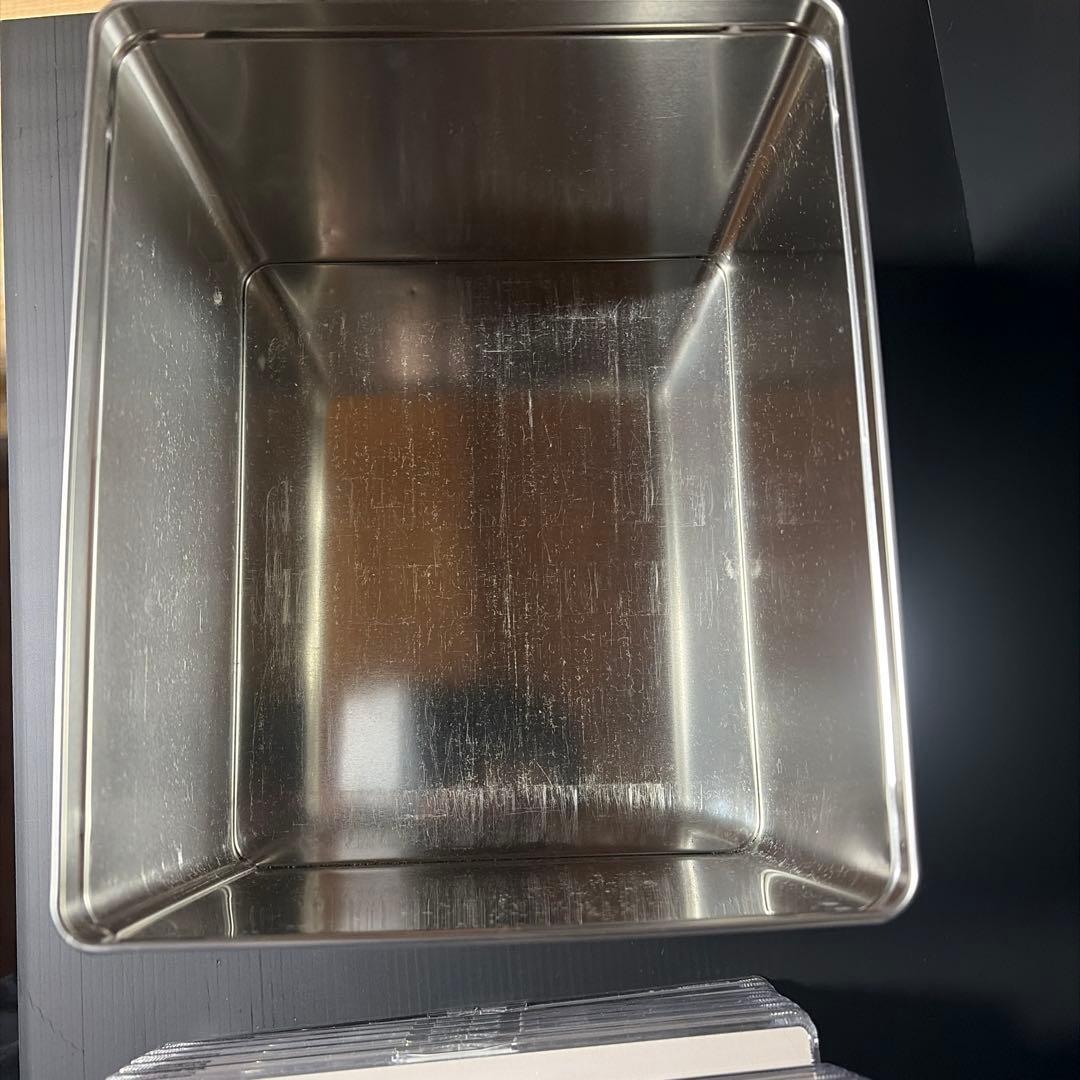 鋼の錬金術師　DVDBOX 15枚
○ ○ ○
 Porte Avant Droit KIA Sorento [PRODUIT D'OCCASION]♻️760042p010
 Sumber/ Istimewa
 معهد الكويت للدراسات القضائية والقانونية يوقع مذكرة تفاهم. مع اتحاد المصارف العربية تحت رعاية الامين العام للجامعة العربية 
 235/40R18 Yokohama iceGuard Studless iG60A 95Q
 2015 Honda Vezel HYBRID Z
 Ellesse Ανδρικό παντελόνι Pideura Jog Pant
○ ○ ○
▶ _TASK ITEM_: Set down, from the entries above, exactly the lines from the one with "Sumber/ Istimewa" up to and including the one with "Ellesse Ανδρικό παντελόνι Pideura Jog Pant", and no other lines.

▶ _EXPECTED OUTPUT_:
 Sumber/ Istimewa
 معهد الكويت للدراسات القضائية والقانونية يوقع مذكرة تفاهم. مع اتحاد المصارف العربية تحت رعاية الامين العام للجامعة العربية 
 235/40R18 Yokohama iceGuard Studless iG60A 95Q
 2015 Honda Vezel HYBRID Z
 Ellesse Ανδρικό παντελόνι Pideura Jog Pant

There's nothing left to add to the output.